Line Cook
LINE COOK
BASIC FUNCTION
A Line Cook is an entry level position responsible for preparation and cooking of hot and cold food items in the foodservice department. A cook may work in, or prepare food for multiple outlets during a single shift including the cafeteria, restaurants, bar or catering.
CHARACTERISTIC DUTIES & RESPONSIBILITIES
- Prepares hot and cold food items following standardized recipes.
- Maintains appropriate prep of food- Mise en place.
- Washes service ware and kitchen utensils.
- Receives and stores food.
- Cleans the production areas as necessary.
- Participates in sanitation classes and inspections.
- Recognizes and reports all necessary maintenance promptly.
- Learns the skills required to advance to the position of Cook I
- Assists the Culinary Manager with weekly food inventories.
- Assists the Culinary Manager with ordering and maintaining food cost procedures.
- Fills in where needed to ensure efficient operations.

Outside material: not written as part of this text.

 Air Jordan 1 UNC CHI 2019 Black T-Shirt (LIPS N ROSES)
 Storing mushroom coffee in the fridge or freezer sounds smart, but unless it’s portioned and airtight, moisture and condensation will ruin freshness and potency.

- Suggests improvements to the operating format.
- Other duties as assigned.
SUPERVISION RECEIVED
Direction is received from Kitchen Manager
QUALIFICATIONS
- Must be able to stand during the entire shift.
- Works frequently in a hot and damp environment.
- Reaches, bends, stoops, shakes, stirs, and wipes.
- Lift and carry sacks and cases of up to 70-lb up to 20 times per shift.
- Reading and writing skills required.
- Immerses hands in water frequently.
- Must be age 18 or older.
- Must have a high school diploma or equivalency
- Must be able to legally accept employment within the US.
- Must have a minimum of 1 year professional prep cook experience or equivalent.
At Ragged Mountain we work as a team, flexing with the business and team needs. Responsibilities, duties and the requirements for this position may change at any time, with or without a change in title, benefits or salary. Like most jobs in the recreation field, this position requires a flexible schedule, working holidays, weekends and long hours as necessary.